A ponta curta da curva de juros futuros, mais sensível à política monetária, opera em alta nesta sexta-feira, mostrando que as apostas para uma alta de 0,25 p.p. da Selic foram elevadas. Perto das 11h, a taxa do contrato de Depósito Interfinanceiro (DI) para janeiro de 2024 subia de 13,025% para 13,085%. O contrato de DI para janeiro de 2025 saía de 11,76% para 11,77%. 

“De fato temos uma queda da inflação na margem, queda esta motivada por fatores exógenos à dinâmica de preços em si – corte de impostos –, mas ainda temos uma projeção de alta de preços”, afirma André Perfeito, economista-chefe da Netcon. Perfeito projeta alta próxima a 6% do IPCA em 2022, mas pontua que são “6% sobre uma inflação já elevada”.

Em comentário enviado a clientes, Alexandre Póvoa, estrategista da Meta Asset Management, disse que “o que mais preocupa é a incrível inércia da inflação, apesar de toda a alta acumulada na taxa Selic, que jogou o juro real brasileiro prospectivo para acima de 8% ao ano”. 

IPCA ruim por dentro

Esse sentimento de preocupação vem, principalmente, porque o IPCA só vem recuando por causa dos combustíveis, que tiveram retração de 10,82% em agosto. Essa queda, porém, foi incentivada pelo corte de impostos, e não pela dinâmica de preços em si. O preço do petróleo lá fora continua alto, o que impacta os valores por aqui.

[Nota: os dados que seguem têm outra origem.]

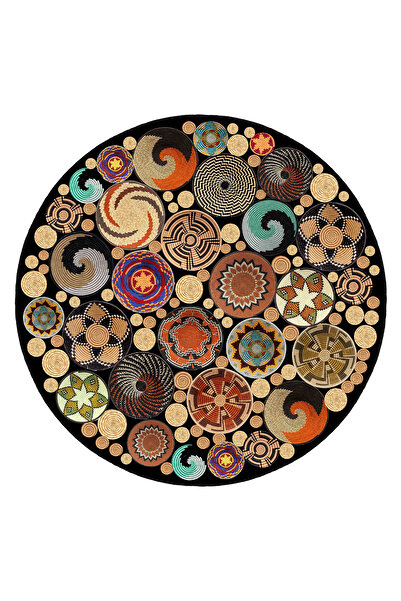 Akbel Halı Yıkanabilir Kaydırmaz Yuvarlak İnce Halı, Dekoratif Salon Halısı, Dijital Baskı Modern Halı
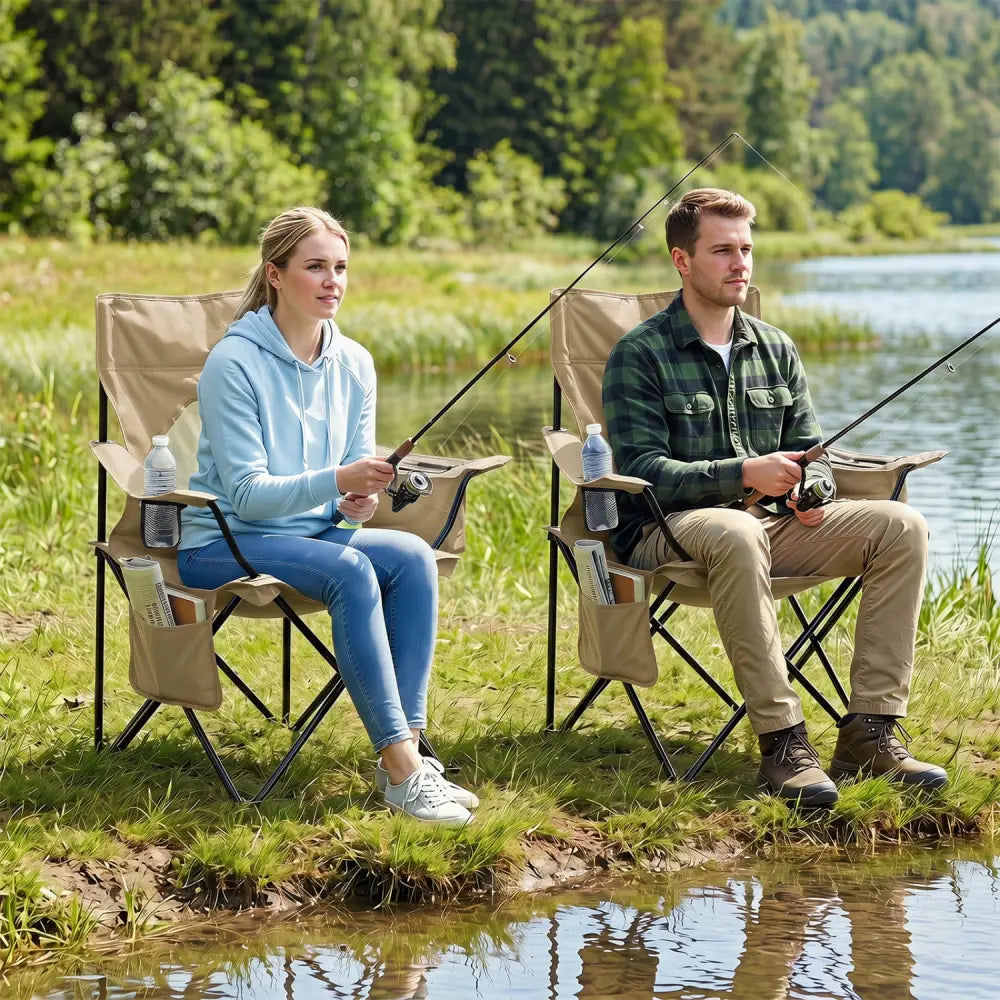 Folding Camping Chair with Mesh Fabric Backrest Solid Metal Frame and Carrying Bag-Green - Green - Camping Furniture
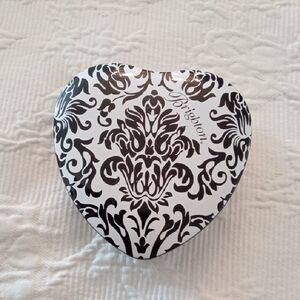 Brighton Black and White Heart-Shaped Damask Print Keepsake Box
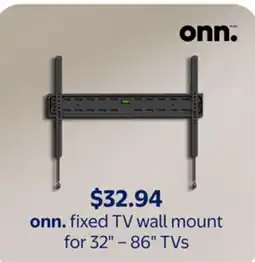 Walmart onn. fixed TV wall mount for 32 - 86 TVs offer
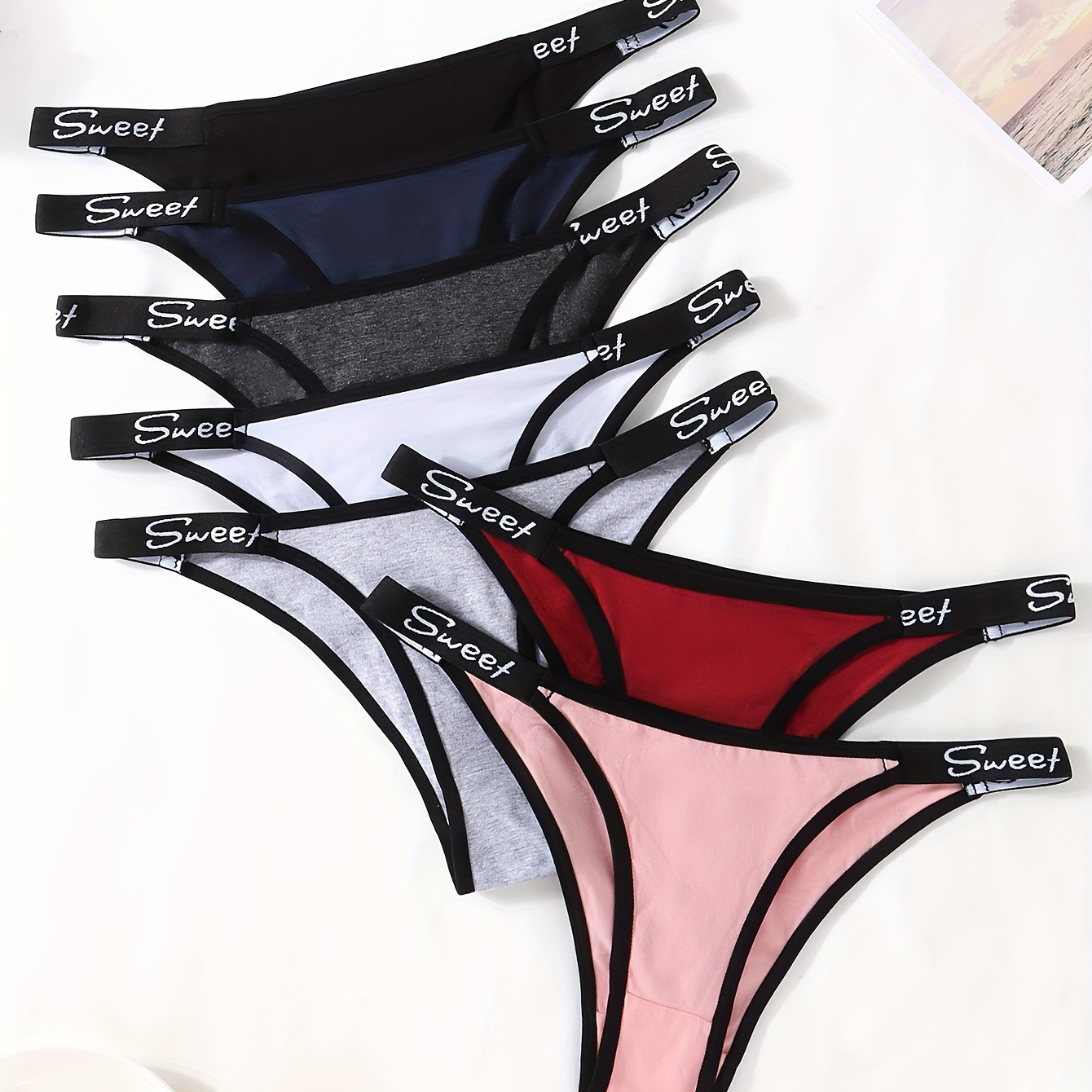 

7pcs Letter Trim Seamless Briefs, Sexy Comfy Breathable Stretchy Intimates Panties, Women's Lingerie & Underwear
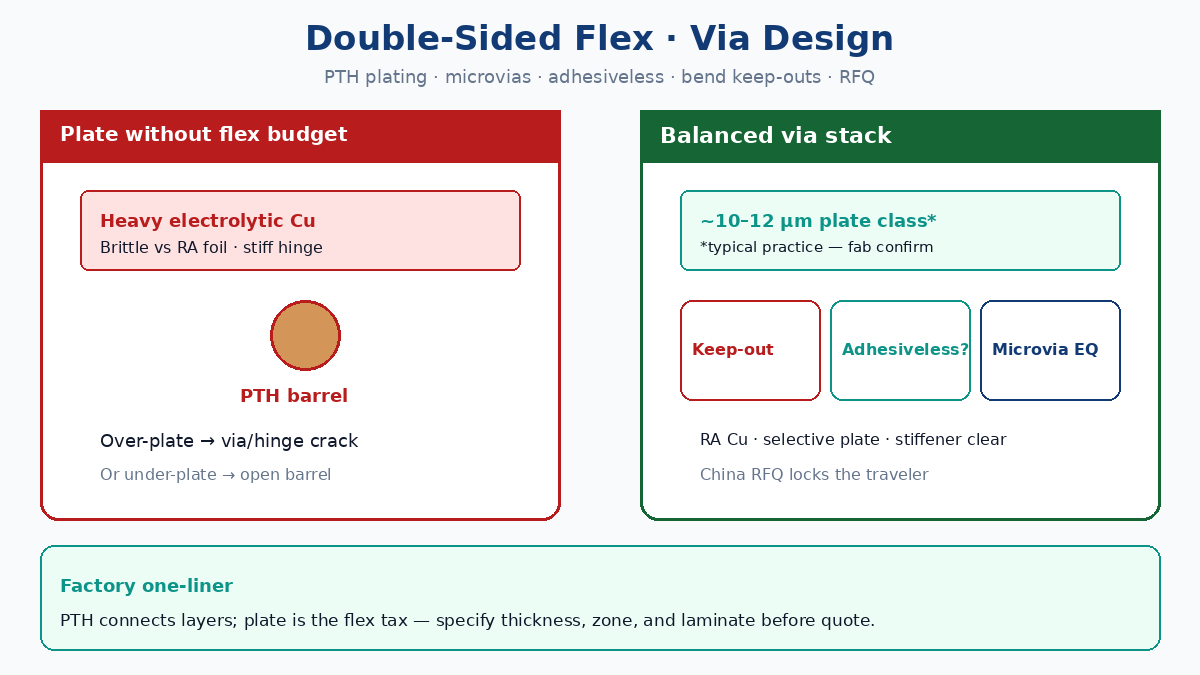 Double-sided flex via design: PTH plating, microvias, bend keep-outs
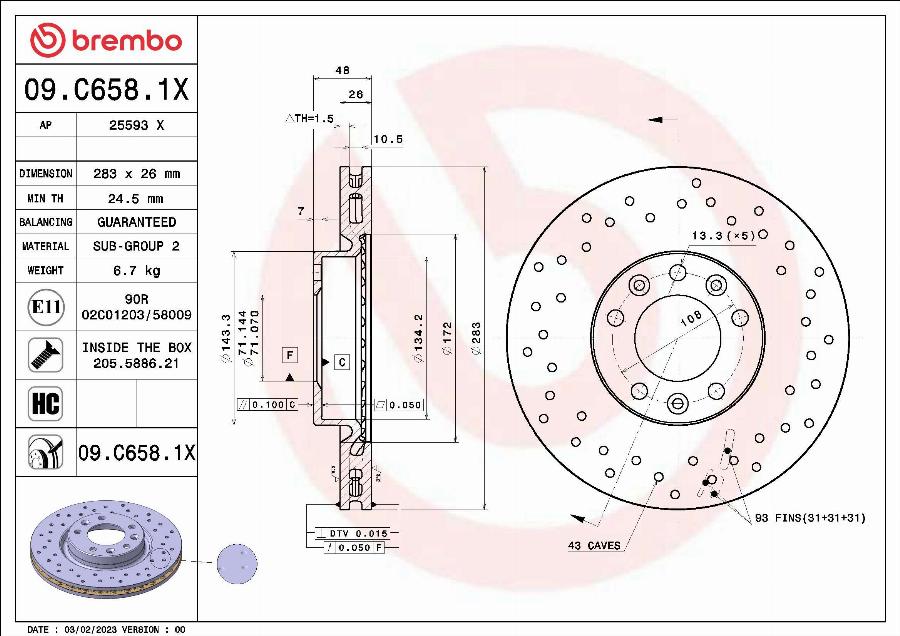 AP 25593 X - Brake Disc autospares.lv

Outro fator que preocupa é o índice de difusão da inflação. Esse dado mede a quantidade de produtos e serviços que subiram no mês em relação ao total de itens pesquisados pelo IBGE. Em agosto, o índice voltou a crescer e revelou que 65% dos itens pesquisados tiveram alta nos preços.

“Núcleos variaram mais que o esperado e o índice de difusão segue forte. Isto preocupa e mostra que ainda temos uma inflação muito disseminada”, afirma Rafael Pacheco, economista da Guide Investimentos. 

As análises mostram que há muito mais a ser observado no IPCA do que apenas o indicador final. Especialistas avaliam que os dados de inflação vieram “ruins por dentro” e que a luta contra a alta dos preços deve ser longa e difícil.